Anyway it's a good thing I am very relaxed about all this, because Kitty doesn't want to eat any of that vegetable shit, thanks very much. She used to make a good fist of eating broccoli but now doesn't care for it much. From 8 months old onwards she has survived on about seven different kinds of spoonable stew that we make and freeze, mostly bean and animal fat-based.

And she has never, ever been interested in fruit. I must have placed a hundred different pieces of banana, apple, grape and clementine segment on her tray table only for her to discard them with various different disgusted faces. She did once put a piece of banana in her mouth, while mesmerised by one of her cousins - but I think she thought it was cheese.

Now she has reached a stage where she won't eat anything she hasn't eaten before. She will put it in her mouth but then hook it out with her forefinger with the word "Mmlair". Or simply open her little beak and let the food roll out.
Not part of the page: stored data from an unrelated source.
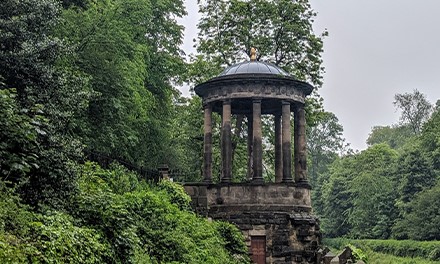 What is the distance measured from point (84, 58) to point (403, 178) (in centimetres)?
4344

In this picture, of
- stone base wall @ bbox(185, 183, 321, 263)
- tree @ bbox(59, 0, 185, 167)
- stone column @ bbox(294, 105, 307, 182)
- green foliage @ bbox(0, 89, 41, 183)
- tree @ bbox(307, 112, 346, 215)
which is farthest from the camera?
tree @ bbox(307, 112, 346, 215)

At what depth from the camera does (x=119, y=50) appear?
67.5ft

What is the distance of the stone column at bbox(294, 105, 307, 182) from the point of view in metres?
26.6

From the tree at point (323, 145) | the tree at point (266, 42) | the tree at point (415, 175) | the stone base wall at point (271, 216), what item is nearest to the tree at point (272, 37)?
the tree at point (266, 42)

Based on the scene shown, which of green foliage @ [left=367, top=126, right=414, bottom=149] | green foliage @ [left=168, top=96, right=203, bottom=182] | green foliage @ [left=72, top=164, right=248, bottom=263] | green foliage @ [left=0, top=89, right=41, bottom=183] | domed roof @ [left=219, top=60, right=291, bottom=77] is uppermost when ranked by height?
green foliage @ [left=367, top=126, right=414, bottom=149]

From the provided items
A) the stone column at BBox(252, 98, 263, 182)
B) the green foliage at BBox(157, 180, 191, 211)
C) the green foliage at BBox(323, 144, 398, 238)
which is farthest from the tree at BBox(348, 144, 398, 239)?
the green foliage at BBox(157, 180, 191, 211)

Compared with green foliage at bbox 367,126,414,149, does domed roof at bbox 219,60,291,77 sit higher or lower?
lower

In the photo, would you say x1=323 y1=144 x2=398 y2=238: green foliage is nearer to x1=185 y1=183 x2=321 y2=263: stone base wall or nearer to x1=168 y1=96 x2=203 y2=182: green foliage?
x1=168 y1=96 x2=203 y2=182: green foliage

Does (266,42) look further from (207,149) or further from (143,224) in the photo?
(143,224)

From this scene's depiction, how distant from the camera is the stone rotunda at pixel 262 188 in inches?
962

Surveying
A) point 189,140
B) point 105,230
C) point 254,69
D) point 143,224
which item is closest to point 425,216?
point 189,140

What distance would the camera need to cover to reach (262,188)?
977 inches

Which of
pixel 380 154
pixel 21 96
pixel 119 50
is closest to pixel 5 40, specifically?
pixel 21 96

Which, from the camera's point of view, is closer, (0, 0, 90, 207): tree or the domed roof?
(0, 0, 90, 207): tree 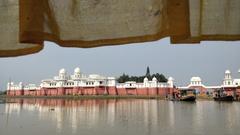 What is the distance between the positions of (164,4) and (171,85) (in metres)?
57.6

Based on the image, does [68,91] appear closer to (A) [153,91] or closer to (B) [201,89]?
(A) [153,91]

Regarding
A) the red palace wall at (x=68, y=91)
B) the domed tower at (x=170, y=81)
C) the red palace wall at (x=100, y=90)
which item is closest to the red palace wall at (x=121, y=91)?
the red palace wall at (x=100, y=90)

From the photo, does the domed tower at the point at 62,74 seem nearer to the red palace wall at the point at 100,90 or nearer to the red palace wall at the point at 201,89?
the red palace wall at the point at 100,90

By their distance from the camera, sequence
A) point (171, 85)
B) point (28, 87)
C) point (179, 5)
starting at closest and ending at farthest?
point (179, 5) → point (171, 85) → point (28, 87)

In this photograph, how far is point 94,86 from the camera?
191 feet

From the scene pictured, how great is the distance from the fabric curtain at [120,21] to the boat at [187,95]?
160 feet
The fact that you cannot bribe, cajole or otherwise force a pre-verbal toddler to eat something it doesn't want to is both frightening and liberating. She doesn't want it. There's nothing I can do except try again another time.

But even though I privately think that she can eat whatever the hell she wants, I must maintain a pretence in front of my husband and other middle-class people that I think she needs to eat vegetables.
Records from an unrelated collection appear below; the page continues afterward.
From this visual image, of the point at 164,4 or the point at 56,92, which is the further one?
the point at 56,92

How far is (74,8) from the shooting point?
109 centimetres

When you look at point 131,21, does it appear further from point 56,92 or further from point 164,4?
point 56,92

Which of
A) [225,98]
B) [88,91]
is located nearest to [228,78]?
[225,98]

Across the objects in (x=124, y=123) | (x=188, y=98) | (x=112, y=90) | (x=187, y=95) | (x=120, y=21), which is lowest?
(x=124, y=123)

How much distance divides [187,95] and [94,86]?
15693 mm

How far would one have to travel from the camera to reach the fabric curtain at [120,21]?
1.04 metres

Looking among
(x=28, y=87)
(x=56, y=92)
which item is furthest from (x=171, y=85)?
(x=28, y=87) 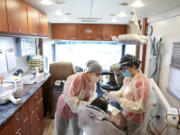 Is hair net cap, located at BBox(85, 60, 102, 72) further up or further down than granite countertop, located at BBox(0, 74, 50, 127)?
further up

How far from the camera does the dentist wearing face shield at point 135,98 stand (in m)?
1.44

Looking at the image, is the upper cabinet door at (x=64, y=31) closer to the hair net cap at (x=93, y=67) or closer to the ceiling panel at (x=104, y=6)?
the ceiling panel at (x=104, y=6)

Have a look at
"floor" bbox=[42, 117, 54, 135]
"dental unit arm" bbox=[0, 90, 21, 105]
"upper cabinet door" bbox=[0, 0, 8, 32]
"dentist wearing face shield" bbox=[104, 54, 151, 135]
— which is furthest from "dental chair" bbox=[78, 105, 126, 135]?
"floor" bbox=[42, 117, 54, 135]

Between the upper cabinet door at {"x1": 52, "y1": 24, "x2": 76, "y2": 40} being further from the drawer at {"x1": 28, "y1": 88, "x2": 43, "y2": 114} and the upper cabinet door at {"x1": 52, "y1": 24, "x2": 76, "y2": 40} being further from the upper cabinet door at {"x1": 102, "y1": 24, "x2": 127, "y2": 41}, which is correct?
the drawer at {"x1": 28, "y1": 88, "x2": 43, "y2": 114}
So I purchased the River Cottage Babies and Toddlers Cookbook and set about making what I thought looked like a very tasty fingerfood, called Courgette Polpette.

They are really, really yummy and easy and I heartily recommend them as a delicious canape for your next soiree. Kitty hated them, obviously. But, thankfully, I don't give a fuck.

Courgette polpette

500g courgettes, finely diced
Grated zest of 1/2 a lemon
1 beaten egg
2 tbsp grated parmesan or pecorino
1/2 ball mozarella
50g breadcrumbs
1 tbsp chopped parsely
1 garlic clove, finely sliced or grated
salt and pepper

1 Heat some oil in a frying pan and fry the courgette over a medium flame for 10 minutes (time it) until they have taken a bit of colour and have collapsed just slightly

2 Allow to cool for as long as you can be bothered and then combine with all the other ingredients. The mixture will be quite wet and sticky

3 Form walnut-sized blobs and place on a greased baking sheet. Bake for about 15 minutes and serve to your baby with prosecco.


  1. I hear you on this! My toddler sometimes will devour a plate of veg then look upon it with disgust and ask for biscuits, at least she does eat grapes, so frustrating when you actually do spend the time and effort making the ruddy healthy food! Will try these polpette though - think the husband and I will love them!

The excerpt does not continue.